The Debugger Bug

Matt Schellhas
5 min readMar 7, 2024

--

Part 1 of a series of bugs, all answering “What is the worst bug you ever had to track down?”

Early in my career, I worked on a pretty basic healthcare “portal”. Companies would sign up for it and their employees would get access to a whole bunch of articles about losing weight or quitting smoking or exercising better. Insurance companies would then give them discounts since websites are cheap, doctors are expensive, and these articles would (in theory) lead to healthier employees at a lower cost. You can guess how that turned out…

The bug showed up when I was doing some full stack development. Bog standard .NET shop. MSSQL for the DB. Some C# APIs feeding a vanilla JavaScript front-end (this was a long time ago now, jQuery was cutting edge). I was adding a search bar for some table of articles. Search for “Asthma”, get 94 articles about asthma. Why use Google, when you could get worse results from a proprietary health portal provided by your employer?

I had wired up the search to our article tables, but the UI didn’t display anything (yes, the summaries just sat in the relational DB; there weren’t many of them and quality was priority number 16 for this project). Oh, right. I needed to populate the test DB. Easily done. Still not displaying. Hmm. Probably something wrong with this God-forsaken grid control. Fine, fine. Let’s make sure that the search is actually working. Open up the debugger, set a breakpoint, kick it off.

The search did come back properly. Step. Step. Step. Cool, flowing back up through the API. Open up dev tools in the UI. Oh. I see, the response format isn’t exactly how the JavaScript expected it. That was easy enough to fix. Restart the debugger. Step. Step. Step. Watch the data get formatted properly. Step. Step. Okay, there’s some results in the UI. Good.

Then I stopped the debugger, ran the whole search in real time. Worked fine. Tried a few different searches, checking for corner cases. Worked fine. Awesome. I finished off some unit tests and sent it all off for review.

The bug showed up the next day. My review got approved, and I merged the code. Then I moved onto the next task. It was adding a column to the table or some nonsense. Same process. Modify the SQL query to return the additional data. Modify the API to pass that data along to the front-end. Configure the front-end to order and format the new column. Fire up the debugger. Run.

I run a search and the UI displays 8 articles, all the same. They’re just duplicates of one another. Hmm. That’s weird. Did I screw up the test data? No. Did the table somehow duplicate the result? No, it looks like it just got 8 entries with the same data. Did I break the query somehow? No, it works fine… but it produces 8 different results — none of them matched what was in the UI!

Okay, it must be something weird in the API. Crack open the debugger. The search query returns the right results. They get translated into DTOs correctly. I return them to the UI and… they’re suddenly 8 duplicates. WTF!

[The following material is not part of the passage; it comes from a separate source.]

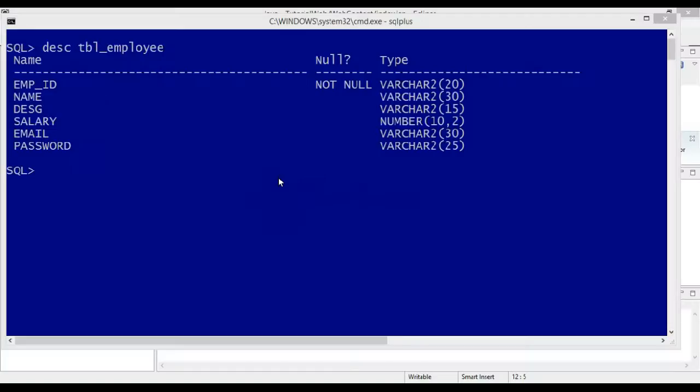Hello guys, welcome back. In this video we will see how to create a login program using JSP and servlet. In the previous video I have created a sample table.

So I call over a coworker. Hey can you help me look into this? They come over. I start the UI, run the search… and it works fine. Eight different results, all on-topic for my search. WTF!!!

They laugh. I swear, this was broken a second ago when I was debugging it and… oh no.

C# was not my first programming language. I’d spent years doing C and C++ (and Pascal and PHP and perl) before I ever got paid to write a line of code. I had run into bugs in those languages where some uninitialized memory or buffer overflow only blew up when built in debug mode. Those were bad. There’s no concurrency, how could this even happen in a managed language?

Aside: For those who have had the pleasure of never writing C or C++, most compilers will initialize all program memory to some known pattern when debug flags are set, but will leave it as whatever happens to be in RAM otherwise. That leads to non-deterministic bugs that accidentally work sometimes because the memory values are sane. Debug modes also tend to have different memory layouts, which can cause buffer overflows or bad pointer math to accidentally work sometimes because they overwrote something less vital.

The next three days were a cavalcade of horrors.

Shelved the code so that my coworker could try to reproduce. Nope. Works on their machine.

Is it just this search for some reason? Nope. Different searches produce more or less duplicates, but always the same article.

Reverted my changes. It was like an hour of work. I could just redo it. Nope. The duplication problem still exists. Which means this issue is in main, but only I can see it?

Maybe a cache problem? I wipe out my build directories, database… anything with any state and rebuild it all. Nope. Problem remains.

Coworkers can’t help. The Internet says that it is impossible. I begin to worry that this is all an elaborate prank.

In the middle of the third day, I found the problem.

I had introduced it the day before I discovered the bug. When building the search in the first place, I used the debugger to trace the data as it flowed through the system. When doing that, I set a conditional breakpoint inside one of the DTO properties so I could see when my test record was found:

id = 42

A simple enough mistake after writing a bunch of SQL. Visual Studio dutifully executed the conditional breakpoint every time something accessed that property (overwriting the actual ID found by the search), and the data binding dutifully populated the result array with 8 copies of article 42. I thought nothing of it, because all of the IDs were 42 — that was the problem — of course the breakpoint fired!

You’ll all be happy to know that Visual Studio has since fixed this issue. “is true” conditional breakpoint expressions that do not return boolean values will now produce an error message when evaluated.

--

--